“Sihirli mantar” olarak bilinen bir mantar türünde bulunan “psilocybin” isimli maddenin hayati tehlike arz eden kanser hastalarında anksiyeteyi azalttığı belirtiliyor.
Johns Hopkins Üniversitesi Tıp Fakültesi araştırmacıları mantardan elde edilen bir madde ile kanser hastalarında depresyon, kaygı ve korku belirtilerini azaltacak ilaç üretmek için çalışmalarını sürdürüyor.
Johns Hopkins Üniversitesi Tıp Fakültesi Psikiyatri ve Davranışsal Bilimler anabilim dalında davranışsal biyoloji profesörü Ronald Griffiths “En ilginç ve kayda değer bulgu şu: 4-6 saat süren tek bir doz psilocybin depresyon ve anksiyete belirtilerinde uzun süreli düşüşlere neden oluyor. Bu da bize bazı psikiyatrik bozuklukları tedavi etmek için harika bir model sunabilir” açıklamasında bulundu.

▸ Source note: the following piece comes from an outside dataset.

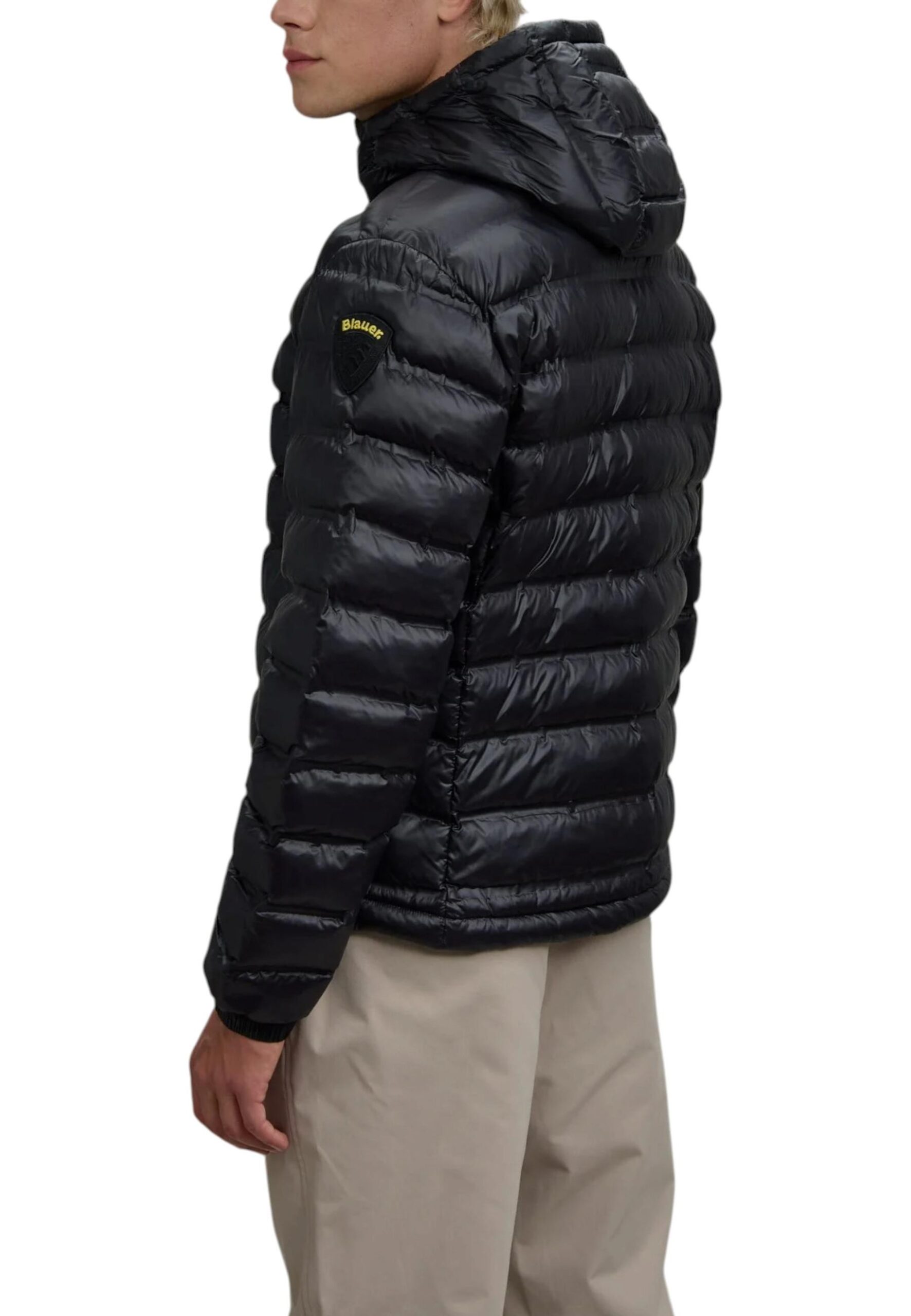 product-106791-1465349506-jpg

Psilocybinin “sihirli mantar” olarak da bilinen mantar türlerinde bulunan etken molekülün ismi olduğunu söyleyen, Türkiye’de Anadolu Sağlık Merkezi’nin eğitim ve kalitenin geliştirilmesine yönelik stratejik iş birliği içerisinde olduğu Ronald Griffiths “Kanserle ilişkili anksiyete ya da depresyon yaşayan hastaların kayda değer çoğunluğu büyük bir tek doz psilocybinden 6 aya kadar önemli fayda sağlıyor” dedi.

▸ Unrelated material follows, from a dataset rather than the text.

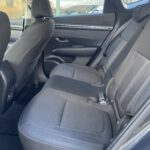 HYUNDAI TUCSON 1.6 CRDI XLINE 2WD full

Hastaların yüzde 80’inin depresif ruh halinde düşüş kaydedildi
Prof Dr. Ronald Griffiths psilocybinin klinisyen ve hasta değerlendirmesine göre depresif ruh hali, anksiyete ve ölüm kaygısını düşürdüğünü; yaşam kalitesi, hayatın anlamı ve iyimserliği ise artırdığını açıkladı.
Tedavinin son uygulanmasından altı ay sonra katılımcıların yüzde 80’i depresif ruh hali ve kaygıda klinik olarak anlamlı düşüşler kaydederken, yüzde 60’ında ise belirtiler normal aralığa geriledi.

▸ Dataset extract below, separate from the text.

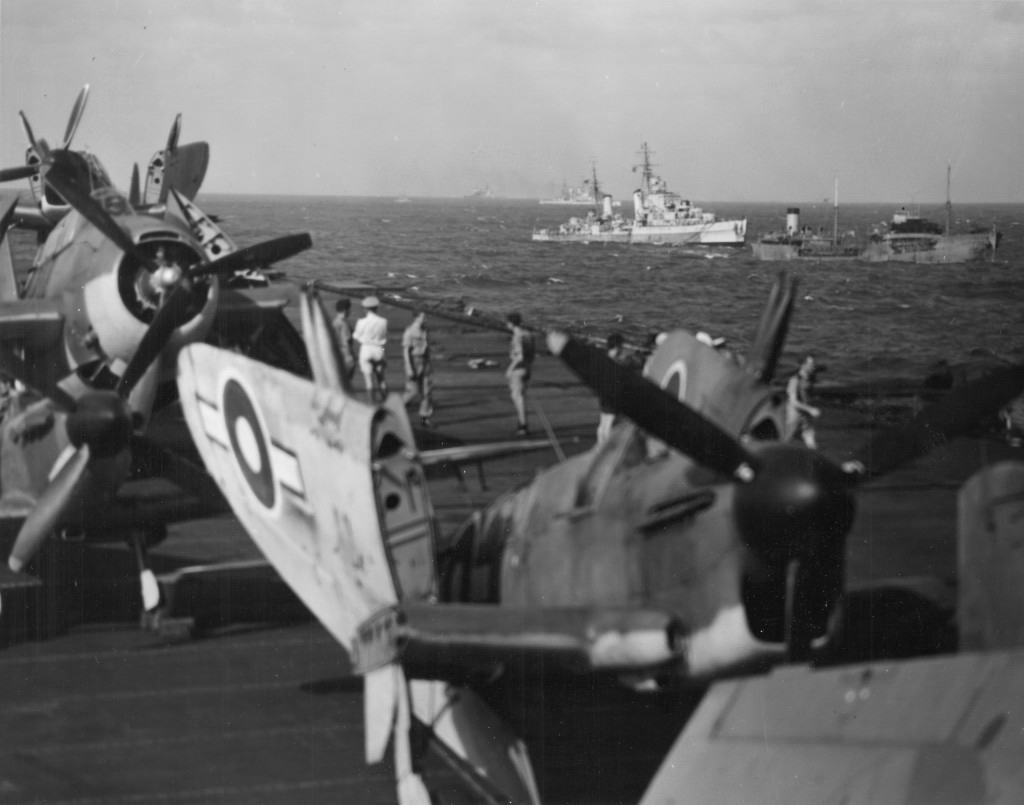 BPF refueling photo Apr 1945.jpg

Hastaların yüzde 83’ü kaliteli yaşam ve yaşam tatmininde artış bildirdi. Katılımcıların yüzde 67’si ise bu tecrübeyi hayatlarının en anlamlı ilk beş tecrübesinden biri olarak değerlendirdi. Katılımcıların yüzde 70’i de ayrıca bu deneyimin hayatlarının ruhsal açıdan en önemli ilk beş tecrübesinden biri olduğunu bildirdi.
Çalışma için hayati tehlikesi bulunan 51 hastaya odaklanıldı
Prof. Dr. Griffiths kanser hastalarına sunulan davranışsal terapi ve antidepresanlar gibi geleneksel psikoterapi yöntemlerinin haftalar hatta aylar sürdüğünü, her zaman etkili olmadıklarını ve bazı ilaçların bağımlılık yaptığını ya da rahatsız edici yan etkileri beraberinde getirebildiklerini de sözlerine ekleyerek “Çalışma için araştırmacılar hayati tehlike arz eden bir kanser teşhisi konulmuş olan 51 hastaya odaklandı. Bu hastaların çoğu nüks etmiş ya da metastatik kanser hastalarıydı. Araştırmaya katılan hastalar broşürler, internet üzerinden yapılan duyurular ve hekim sevkleri sayesinden ulaşılan toplam 566 hasta arasından seçilmiş bireylerdi. Pek çok katılımcı meme, üst sindirim, gastrointestinal, genitoüriner ve kan kanseri hastasıydı ve hepsine daha önceden anksiyete ya da depresif bozukluk gibi resmi bir psikiyatrik tanı konulmuştu” şeklinde konuştu.
“Sihirli Mantar” tarih öncesi dönemlerden beri tıp dışında kullanılan bir bitki
Johns Hopkins Medicine ile iş birliği içerisinde olan Anadolu Sağlık Merkezi’nden Psikiyatri Uzmanı Dr. Cem Hızlan “Sihirli Mantar”ın, (psilocybine) kullanıldığında algı değişiklikleri ve halüsinasyonlara neden olması nedeniyle tarih öncesi dönemlerden beri tıp dışında kullanılan ve bilinen bir bitki olduğuna dikkat çekerek,
“Geçmiş zamanlarda şamanların bu mantarı dini ayinlerde kullandığı bilinir. Zamanımızda da halk arasında çeşitli amaçlarla kullanılmaktadır. Psikoaktif özellikleri olan geleneksel bitki türleri, değişen sağlık algısıyla birlikte kanser ve benzeri kronik hastalıklarda denenmekte ve umut vermektedir” açıklamasında bulundu.